Material shown -
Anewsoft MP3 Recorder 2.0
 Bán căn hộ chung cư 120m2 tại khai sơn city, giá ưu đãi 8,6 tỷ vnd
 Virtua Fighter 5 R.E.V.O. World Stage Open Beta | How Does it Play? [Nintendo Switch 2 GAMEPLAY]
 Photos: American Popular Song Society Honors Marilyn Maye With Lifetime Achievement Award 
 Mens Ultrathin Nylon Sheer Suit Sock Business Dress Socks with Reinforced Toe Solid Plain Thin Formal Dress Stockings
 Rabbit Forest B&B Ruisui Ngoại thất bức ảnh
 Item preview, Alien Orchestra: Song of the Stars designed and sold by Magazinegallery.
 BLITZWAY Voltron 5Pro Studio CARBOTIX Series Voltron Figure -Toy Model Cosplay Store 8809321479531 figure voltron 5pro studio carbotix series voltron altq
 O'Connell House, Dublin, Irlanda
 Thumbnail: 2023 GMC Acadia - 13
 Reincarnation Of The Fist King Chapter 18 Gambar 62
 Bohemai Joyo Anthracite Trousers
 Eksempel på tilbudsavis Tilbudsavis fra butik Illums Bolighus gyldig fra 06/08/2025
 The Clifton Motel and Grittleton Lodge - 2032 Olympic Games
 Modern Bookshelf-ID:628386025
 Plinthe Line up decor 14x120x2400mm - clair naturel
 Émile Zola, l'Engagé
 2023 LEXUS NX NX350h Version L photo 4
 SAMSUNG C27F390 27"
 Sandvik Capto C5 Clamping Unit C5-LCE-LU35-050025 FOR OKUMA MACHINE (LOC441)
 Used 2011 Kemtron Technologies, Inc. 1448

Exercise goal -
Once the line containing "Photos: American Popular" has been set down, nothing more is wanted; set down each line of the listing above up to it exactly, starting with the first.

Answer to this exercise -
Anewsoft MP3 Recorder 2.0
 Bán căn hộ chung cư 120m2 tại khai sơn city, giá ưu đãi 8,6 tỷ vnd
 Virtua Fighter 5 R.E.V.O. World Stage Open Beta | How Does it Play? [Nintendo Switch 2 GAMEPLAY]
 Photos: American Popular Song Society Honors Marilyn Maye With Lifetime Achievement Award 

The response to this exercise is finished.